The TV was showing an episode of Jeopardy, but the volume was off. Alex Trebeck was shaking his sage head, and I imagined him saying, "Wrong. The correct answer is 'Who is Fantastically Messed Up?'"
My lips and throat were dry. I moaned a bit, experimentally.
"And so the roommate awakens."
The voice was a man's, accented from back east, Boston or Maine or a similar flavor. With redoubled efforts I lifted my head by a fraction of an inch and made out a fattish fellow of flat head in the bed nearer the door. His leg was in some kind of titanium iron maiden, all pinned up, nasty, and swollen. His face was equally unattractive. Either the guy'd been in a not-so-recent accident involving a million shards of glass, or he was the world's worst shaver.
"Take it slow," he said. "You're under medical care in Breckenridge. You were hit by a truck and are lucky to be alive."
Exhausted, I let my head settle back to my pillow. "How long?" I croaked. I was pleased that my words were intelligible.
"Christ, you're not in some damn coma movie," he said. "You just got here this morning. They spent a couple hours taping you up and brought you here a little bit ago."
I absorbed the data and tried to remember what I could. Blonde. Bike. Perfect breasts. Argument. Crushing pain.
"Listen," interrupted the easterner. "She's going to be here soon to check on you. When she does, I'll press my buzzer so we can get another witness in here."
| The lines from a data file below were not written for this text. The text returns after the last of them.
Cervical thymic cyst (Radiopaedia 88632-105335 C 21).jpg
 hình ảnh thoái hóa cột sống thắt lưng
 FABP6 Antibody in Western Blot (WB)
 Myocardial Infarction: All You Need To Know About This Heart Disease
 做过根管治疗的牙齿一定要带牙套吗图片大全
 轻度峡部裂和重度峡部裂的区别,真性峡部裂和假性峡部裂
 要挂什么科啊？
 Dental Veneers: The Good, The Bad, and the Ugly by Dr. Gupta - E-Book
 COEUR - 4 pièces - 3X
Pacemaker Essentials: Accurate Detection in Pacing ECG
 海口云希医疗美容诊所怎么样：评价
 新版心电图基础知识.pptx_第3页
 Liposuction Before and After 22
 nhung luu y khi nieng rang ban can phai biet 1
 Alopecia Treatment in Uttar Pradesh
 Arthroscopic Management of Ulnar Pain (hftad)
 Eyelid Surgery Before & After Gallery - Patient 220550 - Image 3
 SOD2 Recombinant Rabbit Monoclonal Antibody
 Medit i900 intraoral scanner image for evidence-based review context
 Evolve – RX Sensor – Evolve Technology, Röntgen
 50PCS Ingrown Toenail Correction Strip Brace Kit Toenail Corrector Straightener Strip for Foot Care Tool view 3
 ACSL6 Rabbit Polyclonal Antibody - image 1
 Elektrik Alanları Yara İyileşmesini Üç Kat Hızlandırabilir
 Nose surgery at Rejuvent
"They won't believe me. She's got 'em convinced that my head trauma makes me delusional."
"She gets a chance, she'll finish you off, see? I've got my arms free so I can defend myself. But you? You're a sitting duck!"
The pain in my body was making my thoughts incrementally more clear, but that wasn't saying much. What was this guy talking about? Was this a hospital-slash-loony bin?
"She destroyed your wallet," he hissed. "So nobody knows your name, yet. She'll try to do it before they've IDed you."
Wallet. I'd had my wallet when the truck hit me. I was sure of it. "Whoa, man," I said. "You're obviously..."
"No time for that, 'Paul.' When she gets here, don't eat or drink anything she gives you. If you do, you'll be pushing up daisies before morning! I'm talking about Barbara, man."
"Barbara." Vaguely erotic flashes of hips astride a bicycle just in front of me. I stared helplessly at the ceiling tiles. "You know her?"
"I know more than her, I know you."
"You just said they didn't find my wallet."
"You think you're the first Paul? No way, brother. I was Paul just a few Saturdays ago. Bitch is a serial killer. She's..."
Just then, there was a noise of the door opening, and the yawning, busy sound of a hospital hallway beyond. Eastern guy clammed up, but immediately a "call nurse" buzzer began whining from his end of the room.
"Stanley," a woman said. "What do you need?" It was Barbara's voice, icy and low.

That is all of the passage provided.